[Information provided Boundary: Start]
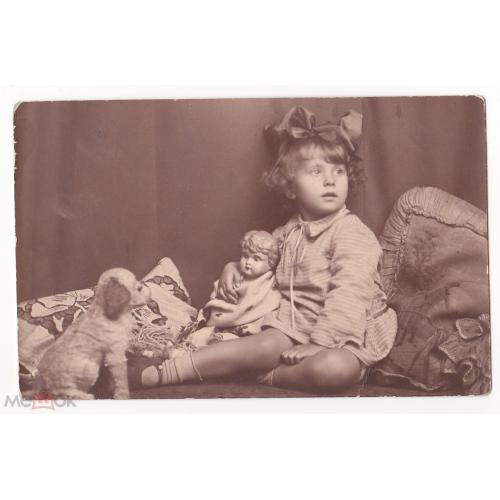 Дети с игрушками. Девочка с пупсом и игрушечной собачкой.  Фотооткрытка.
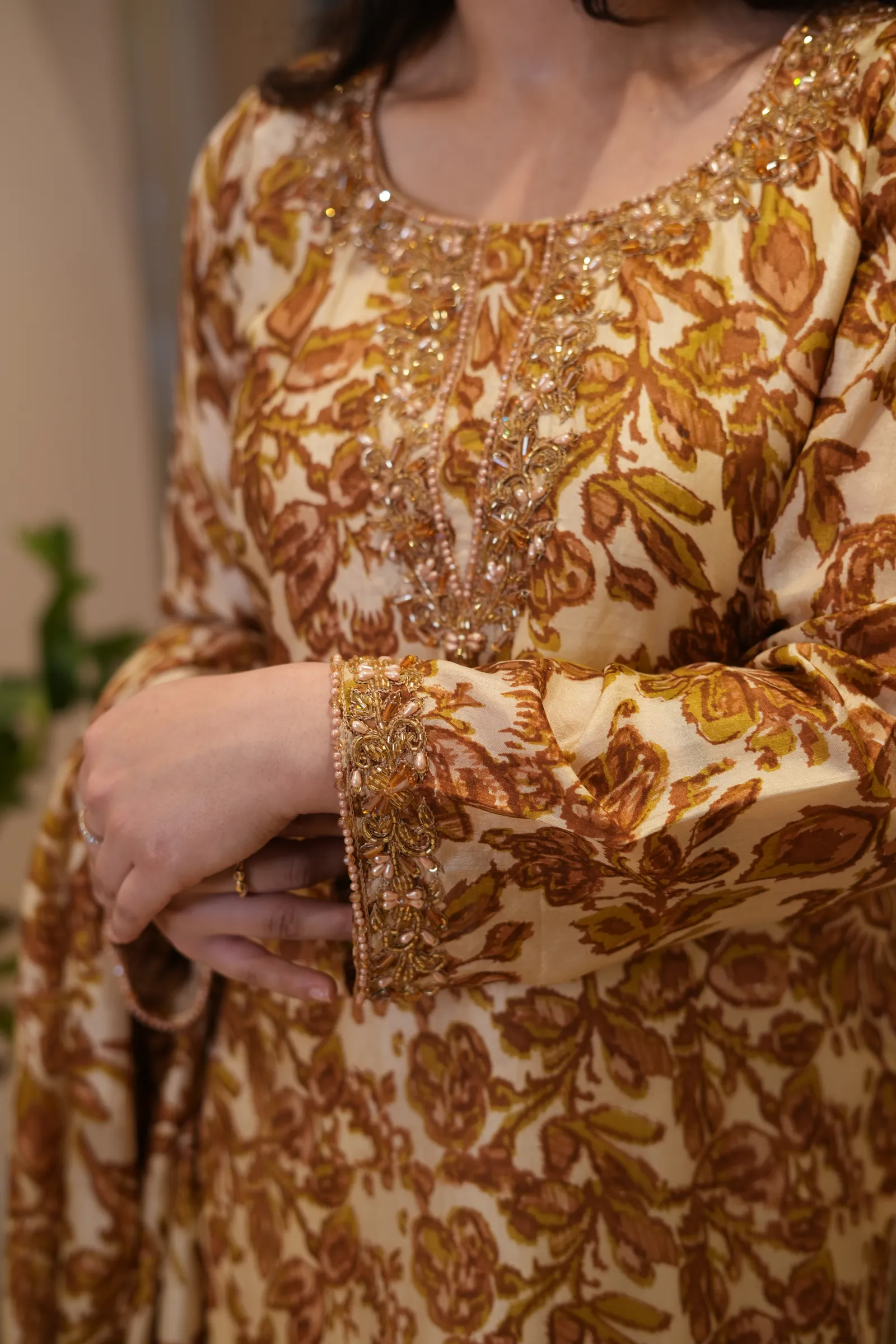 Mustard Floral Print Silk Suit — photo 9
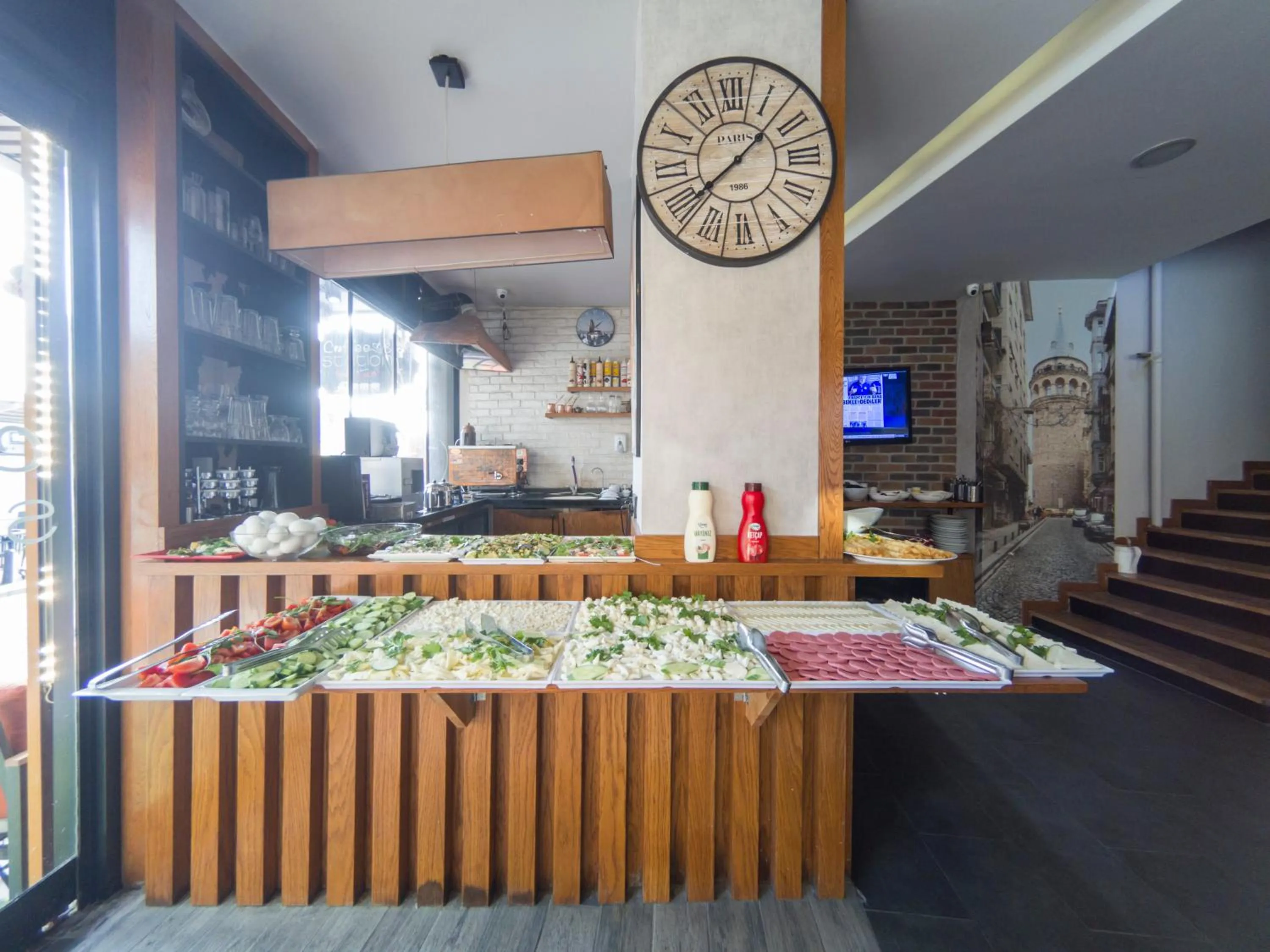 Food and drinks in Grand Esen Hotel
[Information provided Boundary: End]
— Instructions for the task —
Leave the pictures out, and please copy only the lines from the one with "Mustard Floral Print Silk Suit — photo 9" through the end of the listing.

— Output —
 Mustard Floral Print Silk Suit — photo 9
 Food and drinks in Grand Esen Hotel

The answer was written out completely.